Moyano centenaria

Este año se cumplen cien años desde que se decidiera por el Ayuntamiento de Madrid la ubicación de una feria de libros fija. La mayor parte de las casetas iban a ser -y lo siguen siendo en la actualidad- destinadas a la venta de libros viejos y de ocasión o, como se decía entonces, de lance. Durante todos estos años ha sufrido varios cambios de ubicación, alguno de ellos, el último, que supuso su traslado al vecino Paseo de Recoletos, delante de la verja del Jardín Botánico. A partir de 2007 recupera su antiguo emplazamiento tras dos años de obras, siendo ahora la calle que la jalona íntegramente peatonal.
Y es que la Cuesta de Moyano, como todos la conocen, es en realidad una calle, la calle de Claudio Moyano, que debe su nombre a un político zamorano que impulsó la Ley de Instrucción Pública de 1855, la ley de educación más longeva de la historia de España, asunto que tiene un indudable mérito. La Cuesta comienza con una escultura dedicada al citado servidor público y acaba, ya casi a las puertas del Retiro, con la efigie en bronce de Pío Baroja, que antes había estado en el interior del parque madrileño.
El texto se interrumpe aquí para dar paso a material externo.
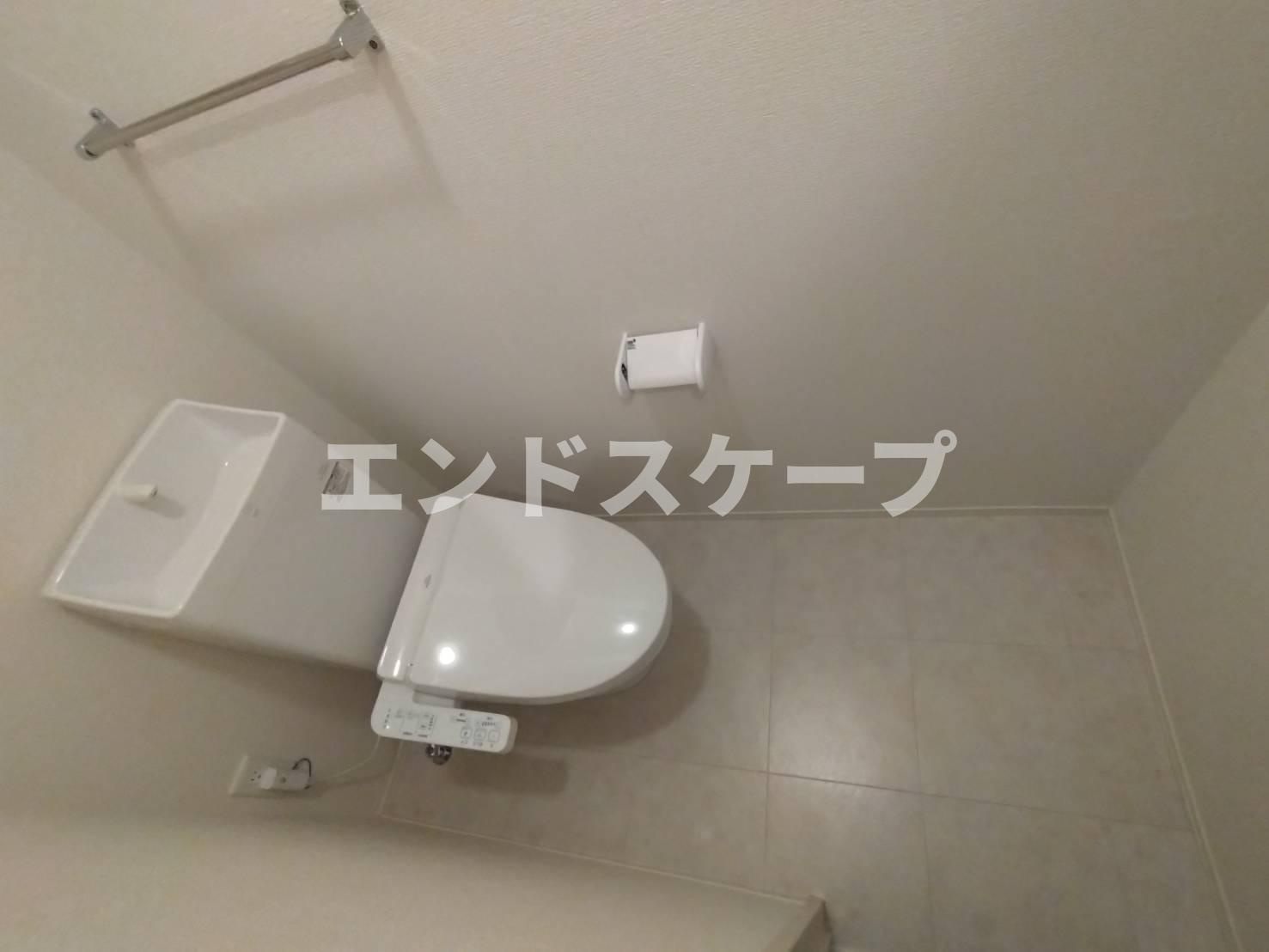 アークイーストのトイレ|高崎、前橋エリアのお部屋探しはエンドスケープまで！お客様の理想お聞かせ下さい♪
Dice Arturo Pérez-Reverte que no hay lugar en el mundo donde gastarse poco dinero en libros como la Cuesta de Moyano. Nunca mejor definido. Cuando uno ha sido joven e indocumentado -y pobre, claro-, y uno lo fue en el Madrid de los años setenta y ochenta, Moyano era un paraíso donde encontrar libros usados por poco precio inalcanzables para nuestros bolsillos en las librerías al uso. Todavía no me alcanzaba para adquirir las últimas novedades bibliográficas, que atesoraban importantes descuentos, y había que conformarse con el género de lance y, como mucho, con el de bolsillo, en una época además en que el bolsillo no estaba tan desarrollado como hoy y la mayoría de esos libros -con las excepciones de Bruguera y Destinolibro- se desvencijaban con solo mirarlos.
Pero el mayor recuerdo que yo tengo de Moyano es el de cada año, allá por el otoño, cuando iba al Gobierno Militar a sellar mi cartilla de soldado con el fin de solicitar la correspondiente prórroga del servicio militar por estudios. Salía del metro de Atocha y miraba de reojo la Cuesta, aunque mis pasos se encaminaban hacia el Paseo de la Reina Cristina. Allí formábamos en el patio de entrada ante unos cabos chusqueros con cara de resabiados que tras unos minutos nos dejaban subir a oficinas a sellar nuestras cartillas. Así cada año. Lo malo es que cuando acabara la carrera tendría que hacer aquél servicio. Menos mal que lo esquivé.
Y después venía lo mejor. Un poco como la penitencia después del gran pecado: la visita a la Cuesta de Moyano. Ahí uno se liberaba de todo: de aquel patio con olor a lejía barata, de los cabos chusqueros y de aquellos enormes carteles que invitaban a la juventud a hacer la mili en el ejército del Aire, con su legendario slogan: ¡Salta con nosotros! Entonces era el turno de la literatura, la fantasía y la ficción, el único ejército que uno concebía como posible en esos momentos.